Una de las cosas más increíbles de la pasada edición de los Oscar es que esta película aspirase al premio a mejor película. Stephen Daldry –director de cintas más que aceptables (Billy Elliot, Las horas)– se traslada al 11-S para contarnos el trauma de un niño que pierde a su padre en la aciaga mañana en la que caen las torres.
Es lógico que la película sea dramática. El problema es que Daldry suma a esta tragedia todo tipo de acontecimientos destinados a provocar el llanto en el espectador. La suma de desgracias es infinita: el niño tiene un leve autismo, y no se siente querido por su madre y padece un fuerte complejo de inferioridad y ha escuchado 6 mensajes de su padre en el contestador pidiendo socorro…
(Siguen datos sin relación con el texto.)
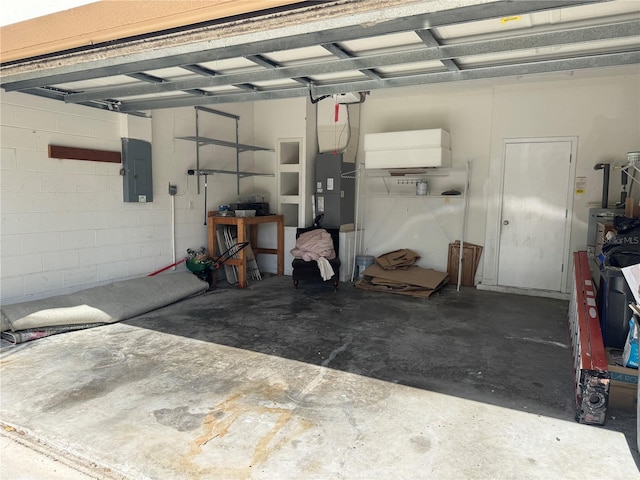 garage featuring electric panel and concrete block wall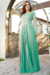 Vestido longo plissado em crepe na cor verde, com renda nas mangas e detalhes de cinto, posicionado em um ambiente ao ar livre.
Probablemente –seguro–, la intención de Daldry sea loable: sensibilizar al espectador con el sufrimiento de las víctimas. Pero aunque el fin sea bueno, los medios empleados son los de la tortura. Un crítico a la salida hablaba de “pornografía sentimental” y no le faltaba razón. Ante semejante manejo, el espectador se rebela, se aleja de los protagonistas. Todo es tan artificioso, tan arbitrario, tan dirigido, que en vez de emocionar, fastidia; en lugar de interesar, aburre. ¿Tom Hanks y Sandra Bullock? Tan de plástico como el resto.